A political mutiny is unfolding at Nanaimo City Hall.

Seven out of eight city councillors have signed a letter of non-confidence claiming Mayor Bill McKay is neglecting his duties and bullying city staff – and they want him out.

The councillors allege that McKay doesn’t show up for meetings and doesn’t speak to council, and claim he bullied and intimidated a high-ranking staff member.

“In my humble view, would I classify it as bullying? Absolutely,” said Nanaimo Coun. Bill Yoachim. “Uncalled for, unwarranted. It’s unfortunate.”

“As someone who works in the social service field, I know what bullying is, and I have witnessed him bullying,” said Coun.
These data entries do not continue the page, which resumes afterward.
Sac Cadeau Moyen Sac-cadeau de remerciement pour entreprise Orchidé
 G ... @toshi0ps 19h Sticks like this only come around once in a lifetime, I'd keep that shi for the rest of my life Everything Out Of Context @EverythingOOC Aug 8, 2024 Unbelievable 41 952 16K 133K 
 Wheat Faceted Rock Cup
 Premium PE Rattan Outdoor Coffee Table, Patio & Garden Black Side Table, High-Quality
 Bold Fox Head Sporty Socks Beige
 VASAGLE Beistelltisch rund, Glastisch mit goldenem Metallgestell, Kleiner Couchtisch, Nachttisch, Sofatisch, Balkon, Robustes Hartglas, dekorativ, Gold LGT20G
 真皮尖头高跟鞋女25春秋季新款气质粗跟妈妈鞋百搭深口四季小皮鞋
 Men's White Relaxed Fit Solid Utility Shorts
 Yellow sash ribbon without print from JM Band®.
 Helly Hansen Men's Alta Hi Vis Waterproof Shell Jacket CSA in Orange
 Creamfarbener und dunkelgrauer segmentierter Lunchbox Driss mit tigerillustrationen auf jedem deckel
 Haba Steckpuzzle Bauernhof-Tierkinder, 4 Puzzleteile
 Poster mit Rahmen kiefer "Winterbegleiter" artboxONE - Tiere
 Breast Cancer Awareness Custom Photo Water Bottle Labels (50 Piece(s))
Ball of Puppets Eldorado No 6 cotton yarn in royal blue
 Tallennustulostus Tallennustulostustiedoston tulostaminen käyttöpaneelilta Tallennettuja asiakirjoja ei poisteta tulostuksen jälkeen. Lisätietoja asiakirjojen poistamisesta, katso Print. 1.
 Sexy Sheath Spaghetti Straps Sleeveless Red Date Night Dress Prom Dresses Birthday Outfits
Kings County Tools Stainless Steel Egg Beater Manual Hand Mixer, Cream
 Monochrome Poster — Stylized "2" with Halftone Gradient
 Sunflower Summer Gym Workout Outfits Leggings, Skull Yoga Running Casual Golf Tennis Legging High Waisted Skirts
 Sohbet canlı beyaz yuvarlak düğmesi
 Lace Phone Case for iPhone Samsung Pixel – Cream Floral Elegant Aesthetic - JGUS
Gord Fuller.

The letter was hand-delivered to the mayor a week ago, Fuller said.

McKay responded to the claims by saying they’re unproven allegations – and the revolt against him is unfounded.

“I was elected, so for seven members of the community, i.e. members of my council, to suggest that I should resign, I’m going to wait to determine what happens with the voters,” he said.

McKay has said he won’t step down and that the allegations of bullying are false, adding he would welcome a third party investigation into the matter.

He’s not completely alone – lone councillor Diane Brennan told CTV News over the phone that council needs to get back to work and discrediting the mayor won’t help them move forward.

The coup sparked public outrage at Monday night’s council meeting, with some citizens taking to the microphone to blast McKay and ask him to resign.

But council wants to assure the public that work will get done amid internal conflicts.

“It’s no secret that we got off to a rocky start, but I can assure you that we’ve all picked up our socks and we’ve all decided to work together and collaborate,” said Coun. Bill Bestwick.

Council says McKay has until Wednesday to officially respond to their letter.

If he doesn’t, they say they’ll continue to bring it up at every council meeting in the future.